**WORK INSTRUCTIONS**
The expected result is the full listing, retyped exactly, without a single picture.

**INPUT DATA**
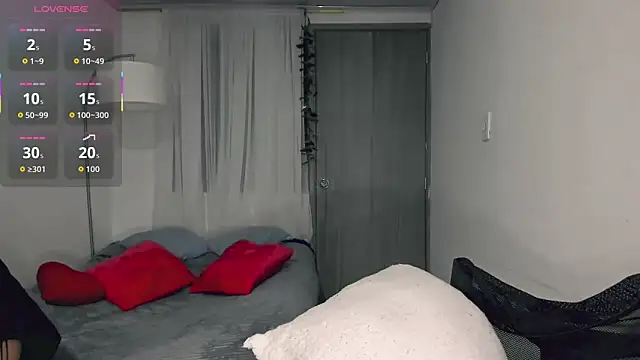 scarlett  m online show from November 29, 10:15 am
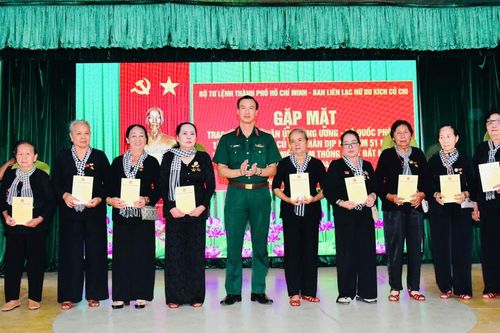Bộ Tư lệnh TP Hồ Chí Minh tri ân nữ du kích Củ Chi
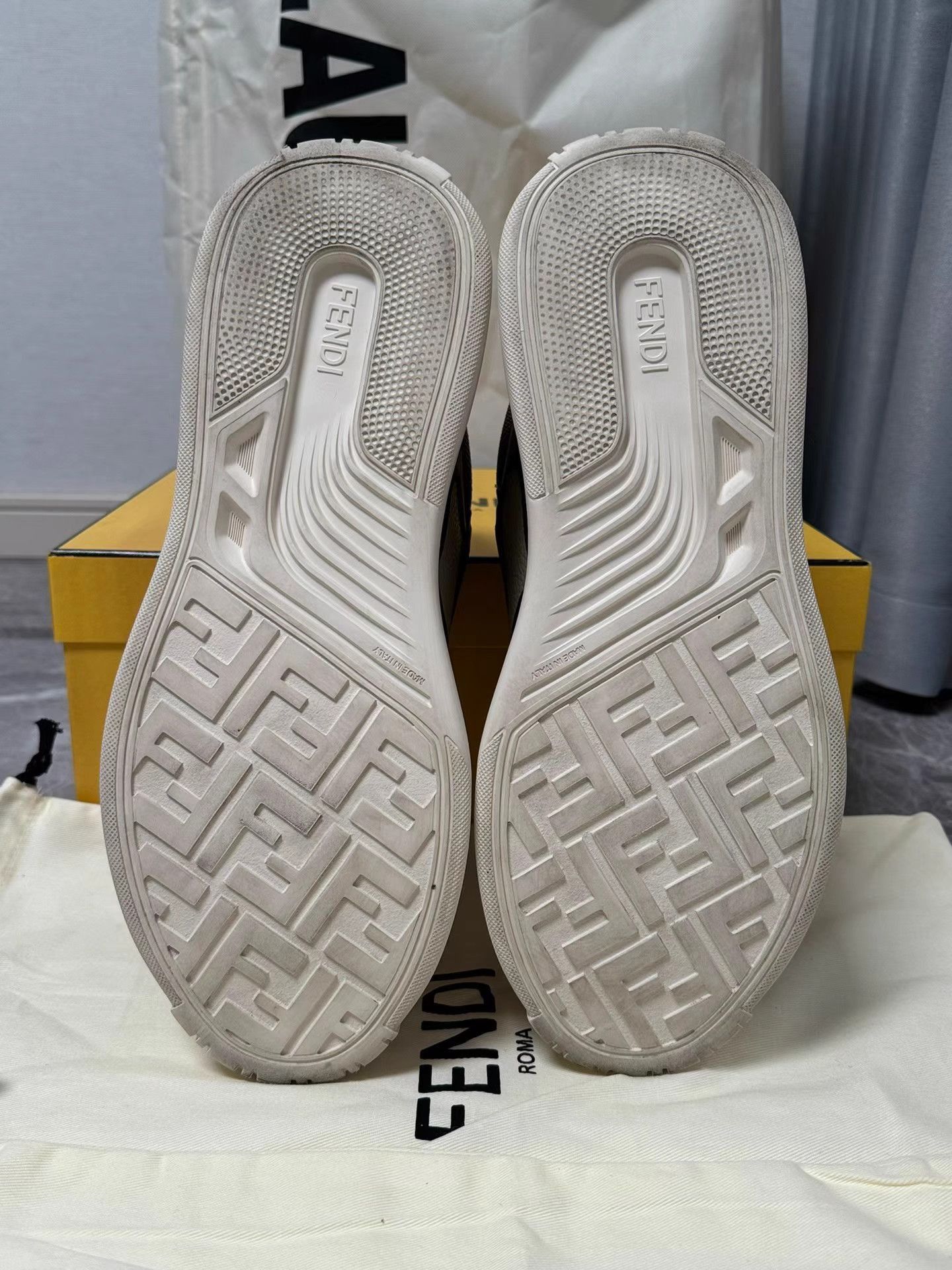 Fendi Black Low-Top Sneakers Size 10 Size US 10 / EU 43 - 8 Thumbnail
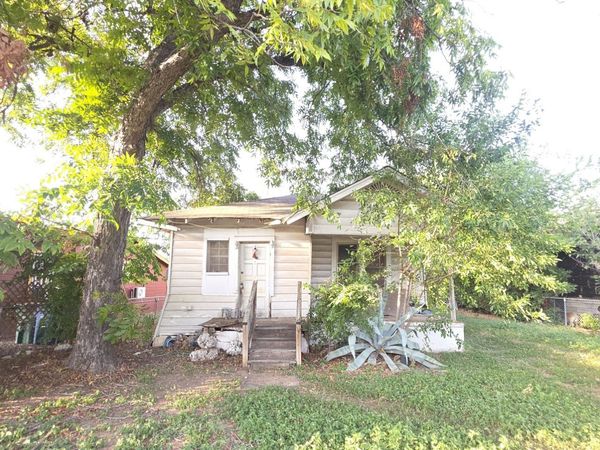 1127 S JEWETT, San Antonio, TX 78237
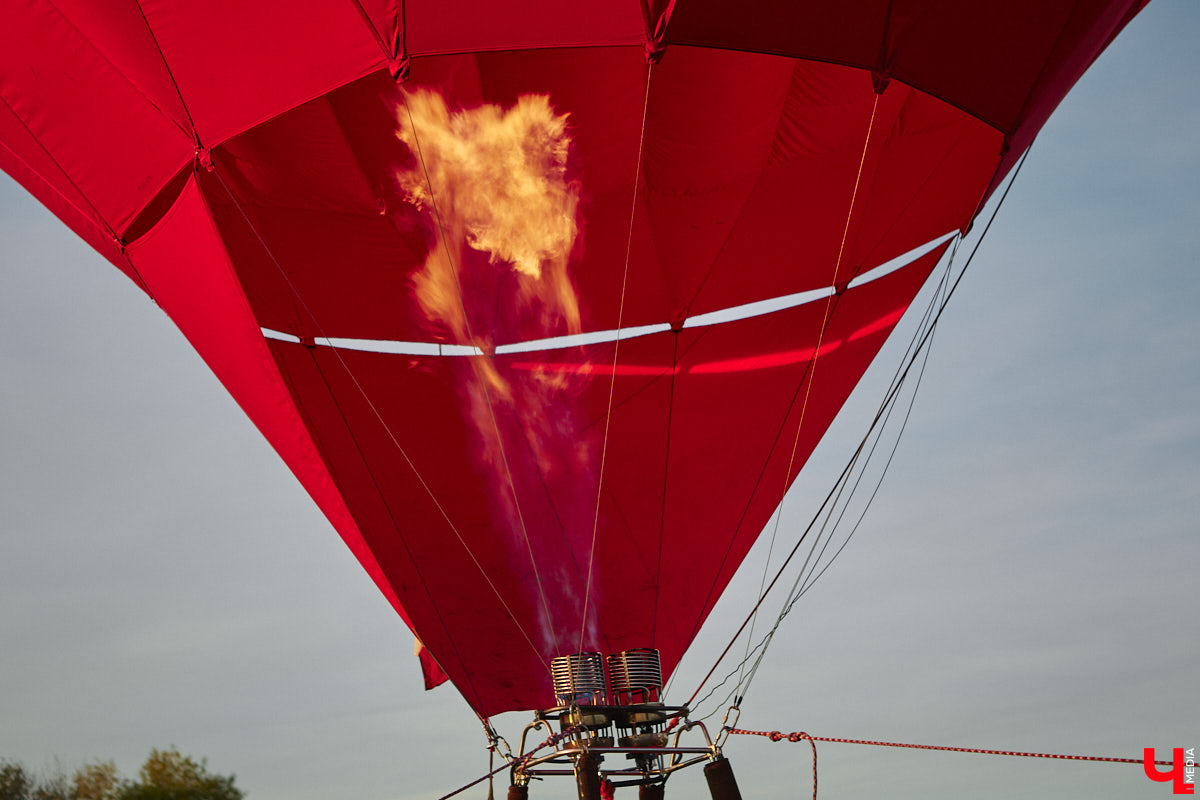 Минувший уикенд в Суздале был по-настоящему ярким. Три дня подряд небо над городом украшали аэростаты. На фестиваль воздухоплавания приехали 15 пилотов воздушных шаров. Вместе с ними взмыть вверх смогли все желающие. Билеты на свободные полеты раскупили заранее, а вот из жаждущих стать участниками привязных подъемов выстраивались очереди.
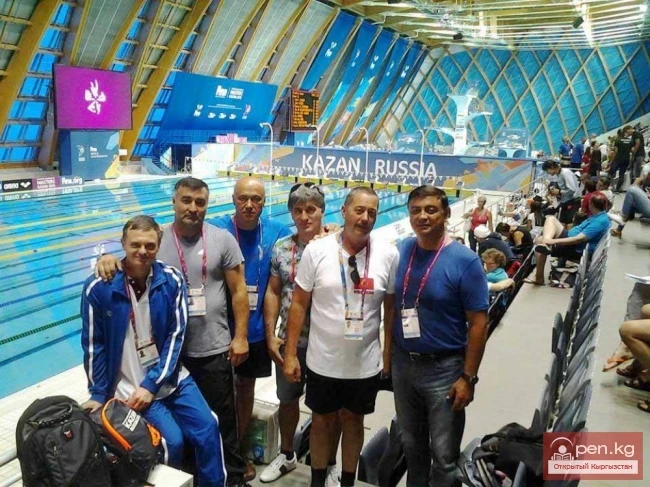 Жарым кылым сүзүүдө!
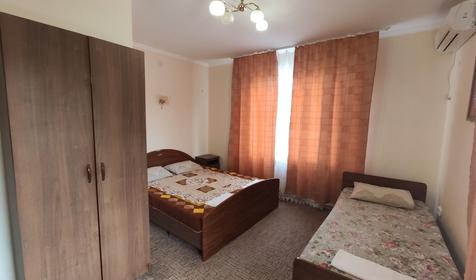 Трехместный с балконом и кондиционером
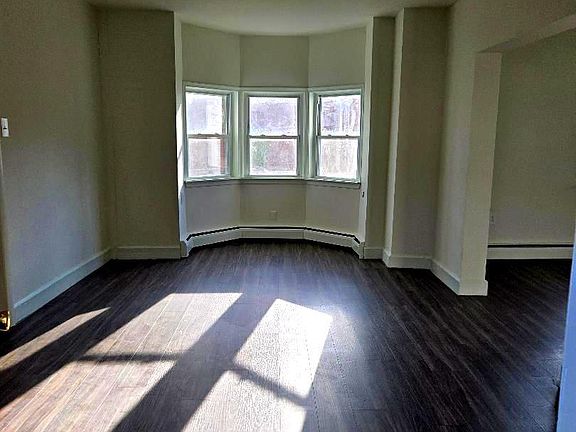 4th image of 452 W Broad St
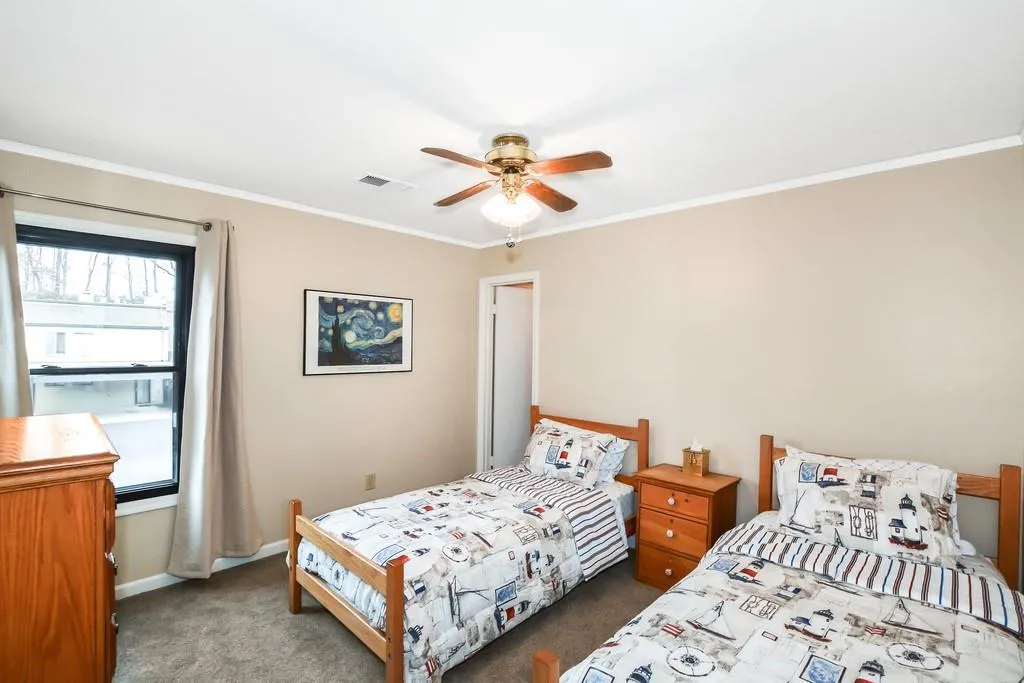 43 Forrest Place, Sandy Springs, Georgia 30328, 3 Bedrooms Bedrooms, ,2 BathroomsBathrooms,Residential,Sold,43 Forrest Place,6501989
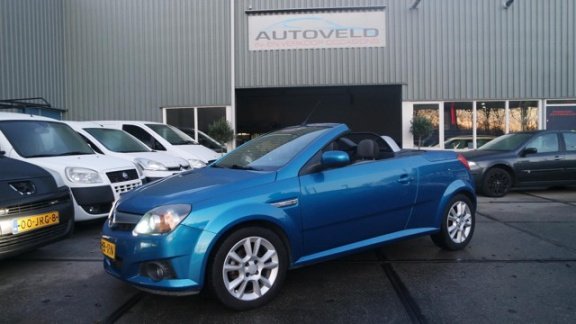 Opel Tigra TwinTop - 1.4-16V Cosmo XENON KEURIGE NEDERLANDSE AUTO - 1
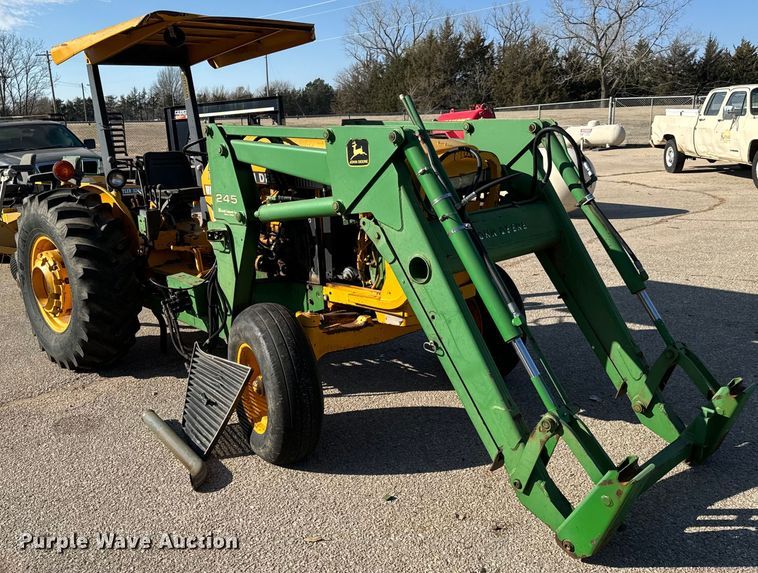 image for item NU9533 1989 John Deere 2355 tractor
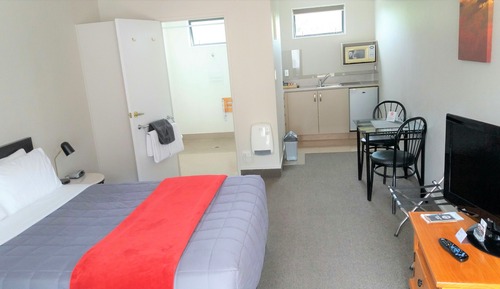 Studio, Accessible, Kitchenette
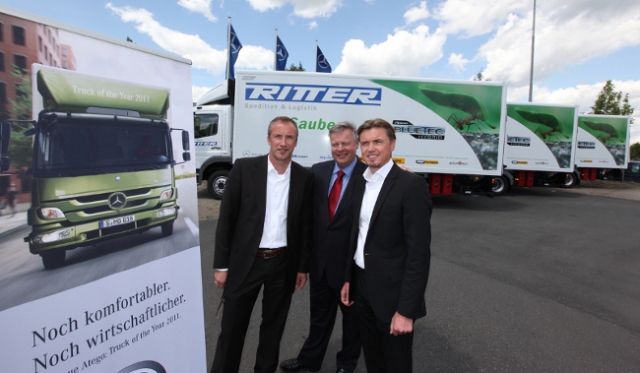 Ritter Logistik setzt auf nachhaltige Technik des Mercedes-Benz Atego BlueTec Hybrid Ritter Logistik setzt auf nachhaltige Technik des Mercedes-Benz Atego BlueTec Hybrid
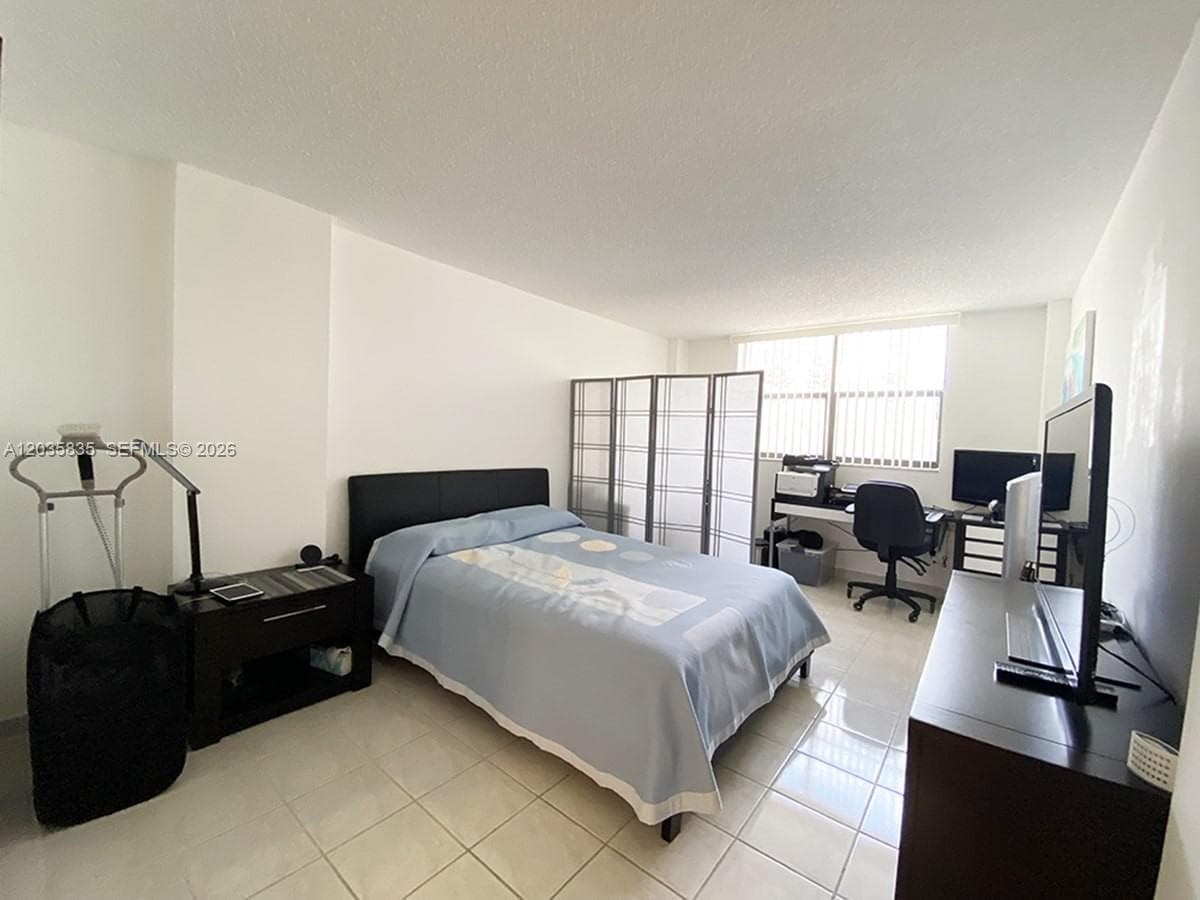WINSTON TOWERS 700 CONDO · #414 in Sunny Isles Beach - Photo 15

**ANSWER FOR THE TASK**
 scarlett  m online show from November 29, 10:15 am
Bộ Tư lệnh TP Hồ Chí Minh tri ân nữ du kích Củ Chi
 Fendi Black Low-Top Sneakers Size 10 Size US 10 / EU 43 - 8 Thumbnail
 1127 S JEWETT, San Antonio, TX 78237
 Минувший уикенд в Суздале был по-настоящему ярким. Три дня подряд небо над городом украшали аэростаты. На фестиваль воздухоплавания приехали 15 пилотов воздушных шаров. Вместе с ними взмыть вверх смогли все желающие. Билеты на свободные полеты раскупили заранее, а вот из жаждущих стать участниками привязных подъемов выстраивались очереди.
 Жарым кылым сүзүүдө!
 Трехместный с балконом и кондиционером
 4th image of 452 W Broad St
 43 Forrest Place, Sandy Springs, Georgia 30328, 3 Bedrooms Bedrooms, ,2 BathroomsBathrooms,Residential,Sold,43 Forrest Place,6501989
 Opel Tigra TwinTop - 1.4-16V Cosmo XENON KEURIGE NEDERLANDSE AUTO - 1
 image for item NU9533 1989 John Deere 2355 tractor
 Studio, Accessible, Kitchenette
 Ritter Logistik setzt auf nachhaltige Technik des Mercedes-Benz Atego BlueTec Hybrid Ritter Logistik setzt auf nachhaltige Technik des Mercedes-Benz Atego BlueTec Hybrid
WINSTON TOWERS 700 CONDO · #414 in Sunny Isles Beach - Photo 15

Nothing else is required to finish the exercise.